I don't remember the specifics for #2. It might have been something like:
- Get the difference in clickthrough rate between slots 1 and 2.
- See where it falls on the distribution of "difference in clickthrough rate between slots 1 and 2".
- Decide it's underperforming if it is some distance away from the mean.
I spent the entire summer trying stuff like this and published a log of what I did on Amazon's internal wiki.
Some takeaways I recall:
- None of these approaches improved conversions over the baseline: I do remember thinking my similarities were better in some of our qualitative assessments, but, site-wide, customers voted with their $ and showed that they were worse.
- Simple approaches are better than complicated ones: any time I got fancy, like in the more complicated approach above, the performance of my similarities tanked.
- Invalidating a bunch of approaches and documenting them is still useful: with this work, the team had a set of hypotheses they could either ignore or approach again in the future with more clarity.
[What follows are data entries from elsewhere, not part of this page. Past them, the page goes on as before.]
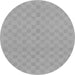 Round Checkered Gray Modern Rug, abs1875gry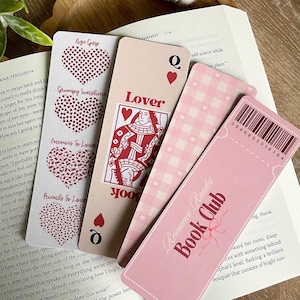 Book Lover Bookmark Collection Pink Bookmark Handmade Bookmarks Laminated Bookmark Individual or Set Bookish Gifts Valentines Bookmarks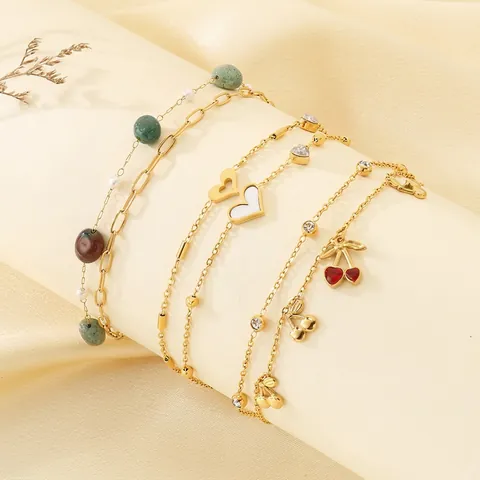 Tobillera De Doble Capa De Acero Inoxidable Con Dijes De Corazón Concha Cereza Joyería De Playa Chapada En Oro Para Mujer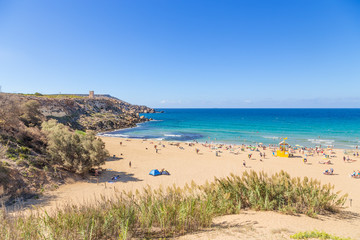 Manikata, Malta. The famous beach Golden Bay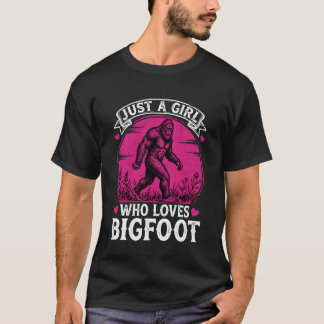 T-shirt Juste Une Fille Qui Aime Bigfoot Rétro Rose Sasqua
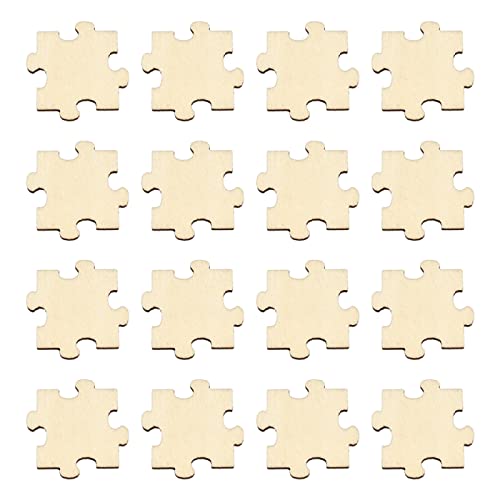 KitBeads 100pcs Random Blank Wooden Puzzle Pieces Laser Cut Unfinished Wood Ornaments Puzzle Shape Wooden Embellishments for Crafts Home Decorations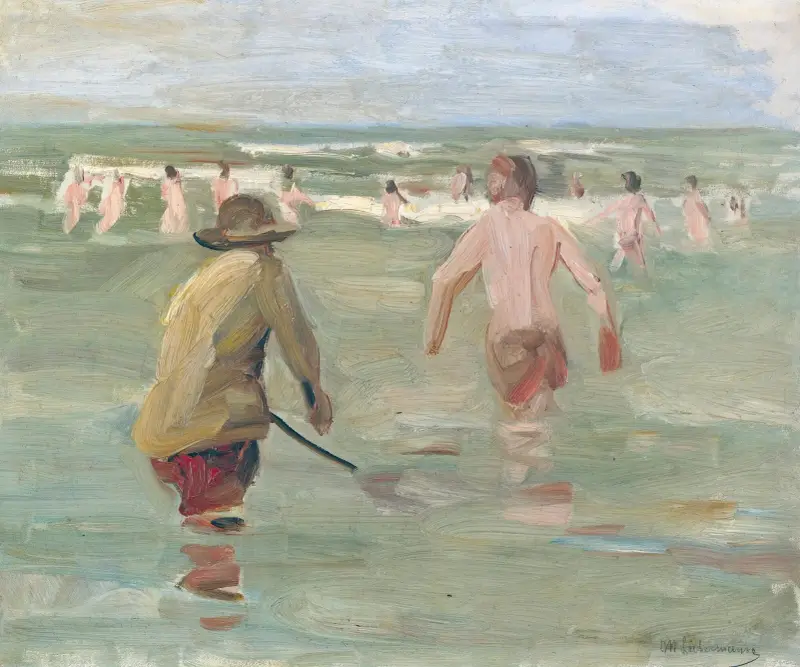 Bathing Boys With Crab Fisherman av Max Liebermann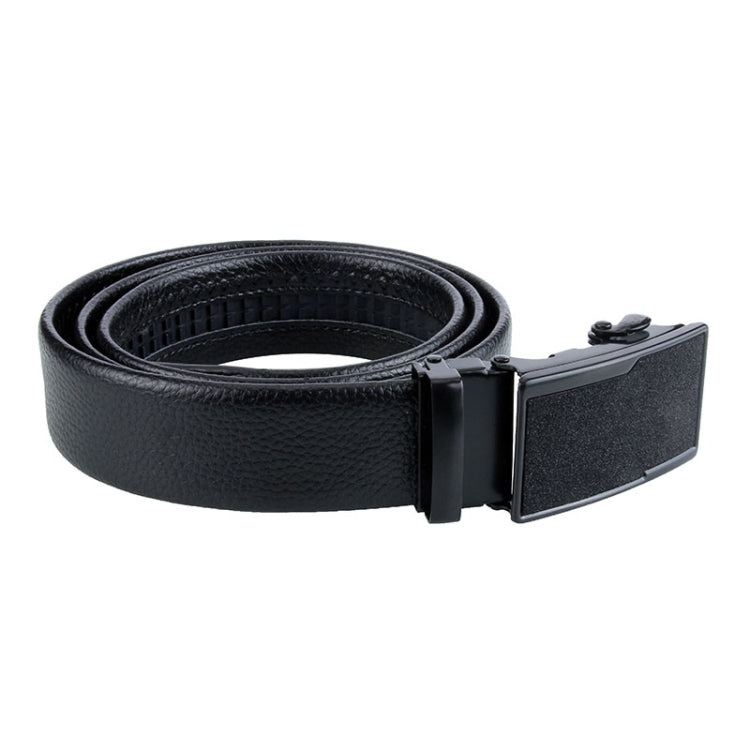Black leather belt with automatic buckle and keeper loop, wide strap front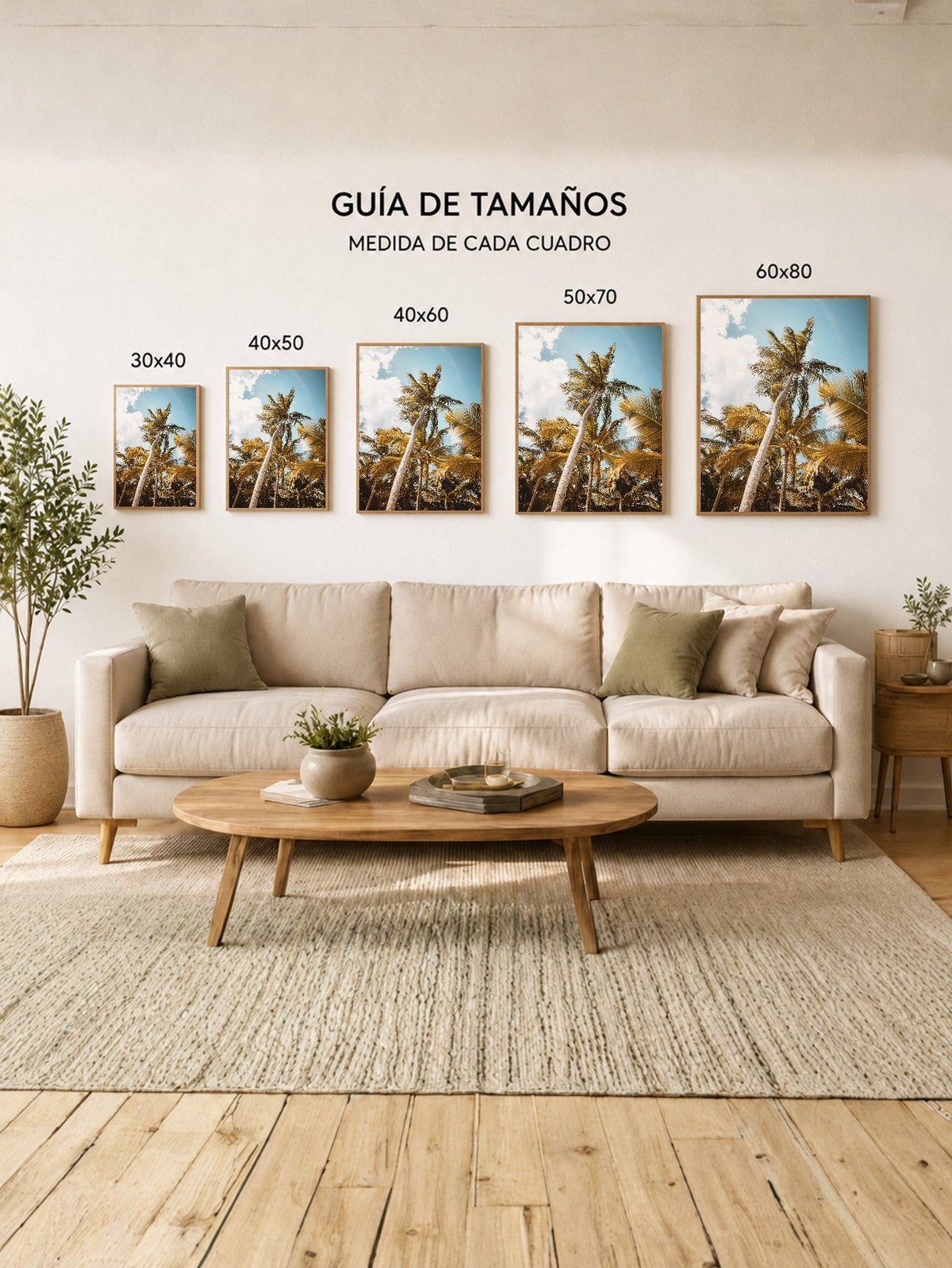 Cuadro Decorativo Playa, Palmeras Hora Dorada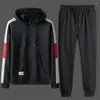 Men's Tracksuits Men Tracksuit Casual Setsautumn suéter com capuz de calça de cor sólida calça de moletom de jogging de moda ao ar livre M-4xl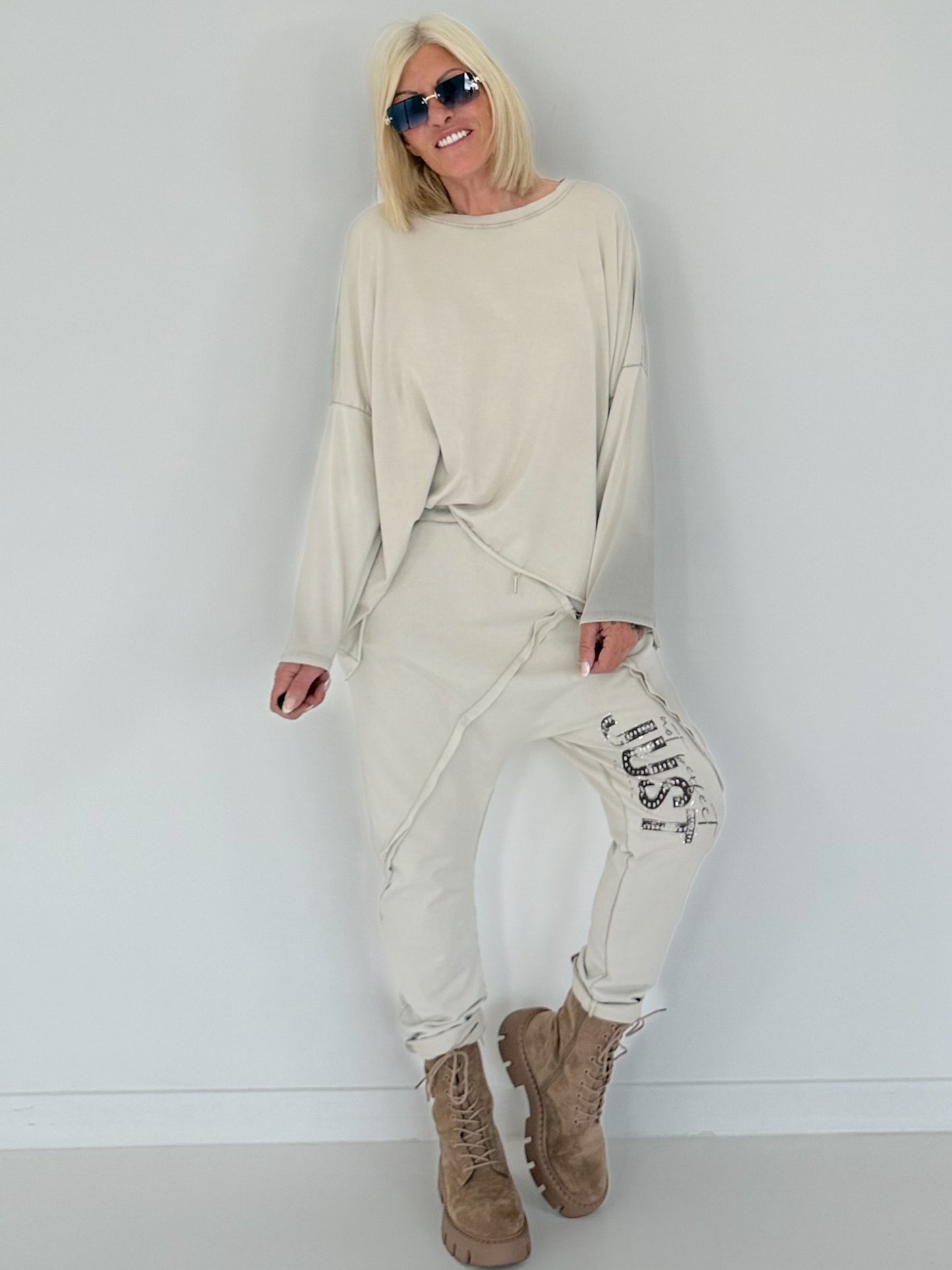 Oversized stone washed shirt - beige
It's a great project to deploy an intern to.
- None of these approaches come close to solving the Harry Potter problem: that book's Amazon detail page will be forever etched in my brain.
There are many wildly qualified people who have worked on similarities and recommendations at Amazon, Netflix and elsewhere the last 15 years. Greg Linden started and led a lot of the personalization work at Amazon and has written about some of it on his blog.
I don't know if Greg was there in 2007. My mentor and the team's manager during my internship keep a much lower profile, but were also extremely talented.
👋 to Wes & Brent if you see this! Thank you for setting me up with a delightful and impactful experience 16 years ago.